Читаем Blowback, Second Edition: The Costs and Consequences of American Empire полностью

Five months later, the remaining Kinjo family sued Padilla and the two marine co-owners of the car in the Naha District Court for sixty-two million yen (about $580,000) as a solatium to compensate them for the emotional losses due to the deaths of their relatives. The payment of a solatium in the case of accidents of all kinds is an essential and longaccepted part of Japanese culture. None of the defendants appeared at the trial, one having already left for the United States (the average tour of duty for American service personnel in Okinawa is only six months). In December, the court ordered Padilla and her two codefendants to pay the sum requested, but the second codefendant had by then also left Japan and was untraceable. Padilla had neither savings nor insurance. Ultimately the U.S. military paid the family twenty-five million yen (40 percent of the total) but extracted from them, in return, a statement that this was a gift from the U.S. government and that the family in accepting it gave up any further claims against the United States. At this point, the Japanese government paid the remaining thirty-seven million yen to the victims’ family.

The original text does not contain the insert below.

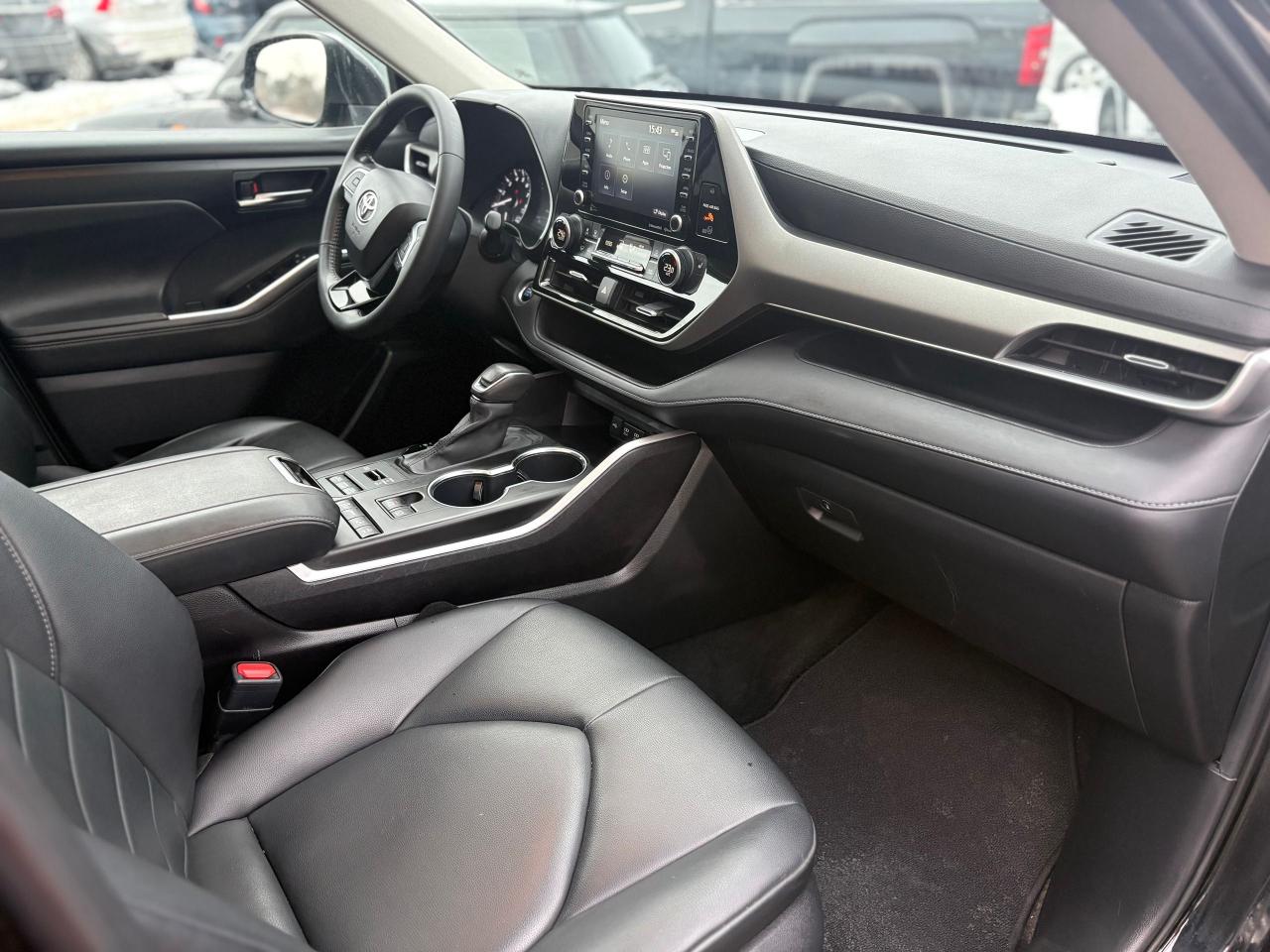 2020 Toyota Highlander XLE,AWD,8 PASSENGER,SAFETY+WRRANTY INCLUDED Photo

It was noted that at the time of the accident the driver was neither arrested nor checked to see if she was drunk but was instead transported to a military hospital. This was, of course, only one of just over a thousand auto accidents each year in Okinawa involving U.S. service personnel (slightly under two thousand for Japan as a whole), and it was quite typical in that American drivers normally do not have insurance (or at least not enough) and have often left Japan by the time Okinawan victims catch up to them in court.

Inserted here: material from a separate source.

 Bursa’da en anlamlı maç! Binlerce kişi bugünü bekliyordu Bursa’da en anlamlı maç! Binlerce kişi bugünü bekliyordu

Not until after the rape incident of September 1995, as part of an effort to reduce the American “footprint” in Okinawa (as Secretary of Defense Perry called it) and fifty-one years after their arrival in Okinawa, did American military cars and trucks begin to carry license plates. Prior to that Okinawans usually had no way of identifying a vehicle that collided with theirs or injured them. It took the “sacrifice of a schoolgirl,” noted the Okinawa Times, to achieve any progress at all in making “good neighbors” out of the Americans.16 There are still about fifteen thousand licensed drivers at Kadena Air Force Base and another twenty-five thousand affiliated with the marines on Okinawa, including service personnel and Department of Defense civilians, teachers, and dependents, who also pay specially reduced automobile taxes. By one estimate, were they to pay at Japanese rates, the incomes of the Okinawan prefectural government and the Tokyo municipal government would increase by ¥250 million and ¥200 million respectively.

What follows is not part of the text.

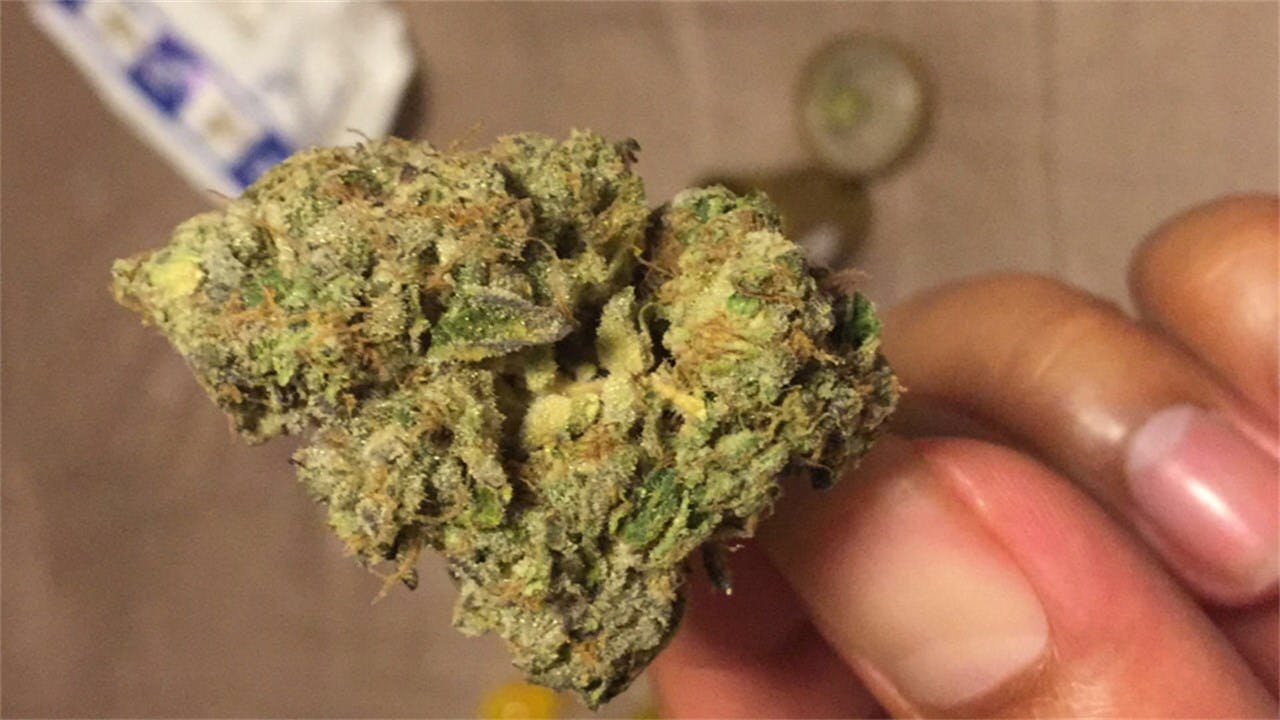 Photos of Wedding Cake Weed Strain Buds | Leafly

In February 1996, a month after the Padilla case, a nineteen-year-old on a motor scooter was struck and killed by a car driven by a U.S. Navy chief petty officer. The young man’s father, Daisuke Ebihara, a mainland schoolteacher, described the callous attitudes of U.S. military representatives to a reporter for the Japan Times. “Nobody . . . attended the funeral or sent a telegram or wreath of condolence. And a Japanese working for the U.S. military phoned my wife and urged us not to engage a lawyer, saying it would be cheaper. Even before I got to the hospital, they were telling me ‘we will decide how much compensation you get.’ ”17 An American spokesman, Major Kevin Krejcarek, admitted that the U.S. forces had not properly understood how to handle the custom of a solatium in Japanese culture. This prompted Dr. Robert Orr of Nippon Motorola and the American Chamber of Commerce in Japan to comment that there is something wrong when a military that has occupied Okinawa for half a century has never heard of such a basic aspect of local judicial custom.